ECLI:NL:GHARN:2010:BP1093
Gerechtshof Arnhem
- Hoger beroep
- K.E. Mollema
- M.E.L. Fikkers
- R.A. Zuidema
- Rechtspraak.nl
Aansprakelijkheid werkgever voor arbeidsongeval door uitschietende koevoet
In deze zaak gaat het om de vraag of de werkgever, [Ramenfabriek] B.V., aansprakelijk is voor een arbeidsongeval dat zich heeft voorgedaan op 15 oktober 2004, waarbij de appellant, een monteur, letsel heeft opgelopen door een uitschietende koevoet. De appellant was in dienst bij [Ramenfabriek] en had op 11 februari 2002 zijn arbeidsovereenkomst getekend. De arbeidsovereenkomst eindigde in december 2006. Tijdens het uitvoeren van zijn werkzaamheden is de koevoet uitgeschoten en heeft deze het gelaat van de appellant geraakt, wat heeft geleid tot schade aan zijn gebit.
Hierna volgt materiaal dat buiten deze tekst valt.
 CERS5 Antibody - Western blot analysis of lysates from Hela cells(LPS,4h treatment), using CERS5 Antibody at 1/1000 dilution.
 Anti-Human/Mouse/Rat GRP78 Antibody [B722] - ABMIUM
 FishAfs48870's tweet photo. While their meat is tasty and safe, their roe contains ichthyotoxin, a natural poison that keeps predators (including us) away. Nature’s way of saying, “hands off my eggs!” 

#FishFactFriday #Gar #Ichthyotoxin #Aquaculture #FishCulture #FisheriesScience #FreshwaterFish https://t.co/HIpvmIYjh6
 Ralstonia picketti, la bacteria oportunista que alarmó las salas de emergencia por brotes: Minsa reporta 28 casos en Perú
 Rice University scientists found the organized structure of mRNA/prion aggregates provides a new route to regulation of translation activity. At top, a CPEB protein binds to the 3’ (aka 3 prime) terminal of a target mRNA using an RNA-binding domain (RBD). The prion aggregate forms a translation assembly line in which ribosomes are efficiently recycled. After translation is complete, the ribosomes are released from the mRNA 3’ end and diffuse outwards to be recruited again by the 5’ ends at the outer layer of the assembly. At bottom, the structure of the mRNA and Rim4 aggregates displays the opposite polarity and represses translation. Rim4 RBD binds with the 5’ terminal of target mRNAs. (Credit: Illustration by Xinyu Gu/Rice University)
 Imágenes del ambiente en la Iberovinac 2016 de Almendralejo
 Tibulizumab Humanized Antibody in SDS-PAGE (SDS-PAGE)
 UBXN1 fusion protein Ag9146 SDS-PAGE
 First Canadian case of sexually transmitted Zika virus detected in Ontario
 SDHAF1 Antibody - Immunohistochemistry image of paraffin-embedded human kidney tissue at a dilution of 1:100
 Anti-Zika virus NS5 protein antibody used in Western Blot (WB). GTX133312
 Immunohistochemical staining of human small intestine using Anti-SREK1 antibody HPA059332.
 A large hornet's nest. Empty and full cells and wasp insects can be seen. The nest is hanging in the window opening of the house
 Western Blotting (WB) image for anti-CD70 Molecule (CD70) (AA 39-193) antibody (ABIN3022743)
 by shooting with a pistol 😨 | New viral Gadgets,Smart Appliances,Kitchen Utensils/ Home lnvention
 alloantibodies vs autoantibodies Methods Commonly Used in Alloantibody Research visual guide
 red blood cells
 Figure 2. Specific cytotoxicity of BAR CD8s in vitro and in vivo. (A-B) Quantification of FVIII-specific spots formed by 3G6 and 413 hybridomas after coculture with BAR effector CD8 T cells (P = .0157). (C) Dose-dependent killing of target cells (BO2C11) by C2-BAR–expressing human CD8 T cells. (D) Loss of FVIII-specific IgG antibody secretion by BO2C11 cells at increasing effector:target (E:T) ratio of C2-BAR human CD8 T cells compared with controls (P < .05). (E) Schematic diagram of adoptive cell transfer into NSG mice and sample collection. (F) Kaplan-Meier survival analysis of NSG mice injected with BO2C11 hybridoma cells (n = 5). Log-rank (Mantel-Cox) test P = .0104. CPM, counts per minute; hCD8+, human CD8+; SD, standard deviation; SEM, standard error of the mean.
In eerste aanleg heeft de kantonrechter de vordering van de appellant afgewezen, omdat niet aannemelijk was dat de werkgever haar zorgplicht had geschonden. De kantonrechter verwees naar een arrest van de Hoge Raad waarin werd gesteld dat een werkgever niet verplicht is om maatregelen te nemen tegen risico's die voor werknemers bekend zijn. De appellant heeft hoger beroep ingesteld en stelt dat de werkgever hem een gelaatsmasker had moeten verstrekken, aangezien het risico van uitschietende gereedschappen niet te verwaarlozen is.
Het hof heeft de grieven van de appellant besproken en geconcludeerd dat de werkgever niet in gebreke is gebleven. Het hof oordeelt dat de werkgever niet verplicht was om een gelaatsmasker te verstrekken, omdat het risico van een uitschietende koevoet niet specifiek was voor de werkzaamheden van de appellant en de werkgever niet op de hoogte was van een verhoogd risico. Het hof bekrachtigt het vonnis van de kantonrechter en veroordeelt de appellant in de kosten van het geding in hoger beroep.